Taiwan Semiconductor Posts NT$718.9B Sales, 30% Growth, Weighs U.S. Export Curbs
TSM posted 30% year-over-year sales growth for January-February, reaching NT$718.9 billion ($22.6 billion), with February up 22% after a Lunar New Year base shift. Major technology firms plan over $650 billion in AI infrastructure spending, supporting demand, though U.S. export policy discussions and Middle East tensions raised supply-chain risks.
1. Robust AI-Driven Sales Growth
Taiwan Semiconductor reported combined January-February revenue of NT$718.9 billion ($22.6 billion), a 30% year-over-year increase driven by surging demand for AI hardware. February alone saw a 22% rise, tempered by a higher comparison base in January due to the Lunar New Year timing shift.
2. Major Tech Customers Fuel Demand
The contract chipmaker continues to supply leading AI chipmakers, with Nvidia among its largest customers, as Alphabet, Amazon and other tech giants plan over $650 billion in AI infrastructure investments this year. This wave of spending underscores Taiwan Semiconductor’s critical role in global AI deployment.

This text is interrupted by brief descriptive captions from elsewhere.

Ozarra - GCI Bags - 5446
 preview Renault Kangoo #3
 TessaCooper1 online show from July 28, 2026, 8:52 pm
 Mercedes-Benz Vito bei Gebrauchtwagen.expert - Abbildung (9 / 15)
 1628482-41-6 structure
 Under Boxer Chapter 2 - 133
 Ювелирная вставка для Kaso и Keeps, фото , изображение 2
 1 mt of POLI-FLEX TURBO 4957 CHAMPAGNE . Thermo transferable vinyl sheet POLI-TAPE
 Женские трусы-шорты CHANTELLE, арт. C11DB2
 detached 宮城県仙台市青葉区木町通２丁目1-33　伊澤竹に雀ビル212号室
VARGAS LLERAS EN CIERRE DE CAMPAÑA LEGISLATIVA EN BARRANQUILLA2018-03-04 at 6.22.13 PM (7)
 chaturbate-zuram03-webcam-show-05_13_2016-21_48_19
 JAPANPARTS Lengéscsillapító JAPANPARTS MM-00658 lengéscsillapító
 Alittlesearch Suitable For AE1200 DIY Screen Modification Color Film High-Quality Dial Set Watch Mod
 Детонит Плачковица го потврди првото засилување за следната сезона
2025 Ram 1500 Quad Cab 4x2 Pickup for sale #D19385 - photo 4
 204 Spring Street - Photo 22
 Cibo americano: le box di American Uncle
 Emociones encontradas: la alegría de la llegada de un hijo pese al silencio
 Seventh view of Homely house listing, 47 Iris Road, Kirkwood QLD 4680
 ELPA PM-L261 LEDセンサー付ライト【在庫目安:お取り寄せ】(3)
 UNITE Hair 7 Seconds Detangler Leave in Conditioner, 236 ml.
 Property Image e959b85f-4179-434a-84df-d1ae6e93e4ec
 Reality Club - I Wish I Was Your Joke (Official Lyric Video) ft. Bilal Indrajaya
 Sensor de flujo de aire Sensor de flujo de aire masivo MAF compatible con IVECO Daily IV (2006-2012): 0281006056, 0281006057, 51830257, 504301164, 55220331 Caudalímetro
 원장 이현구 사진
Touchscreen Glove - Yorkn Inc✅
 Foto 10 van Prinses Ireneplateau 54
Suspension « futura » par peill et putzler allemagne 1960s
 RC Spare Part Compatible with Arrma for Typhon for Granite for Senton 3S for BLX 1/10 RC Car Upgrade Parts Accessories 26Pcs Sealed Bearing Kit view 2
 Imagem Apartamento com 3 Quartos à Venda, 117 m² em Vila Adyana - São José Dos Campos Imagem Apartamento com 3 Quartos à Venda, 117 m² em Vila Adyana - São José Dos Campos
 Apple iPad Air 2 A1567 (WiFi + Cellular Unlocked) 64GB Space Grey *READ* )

3. Export Controls and Geopolitical Pressures
New U.S. export policy discussions could impose licensing, data center investment or security guarantees on advanced AI chip shipments, creating potential hurdles for Taiwan Semiconductor’s global sales. Concurrent Middle East tensions have also raised concerns over supply-chain disruptions, including key inputs like helium.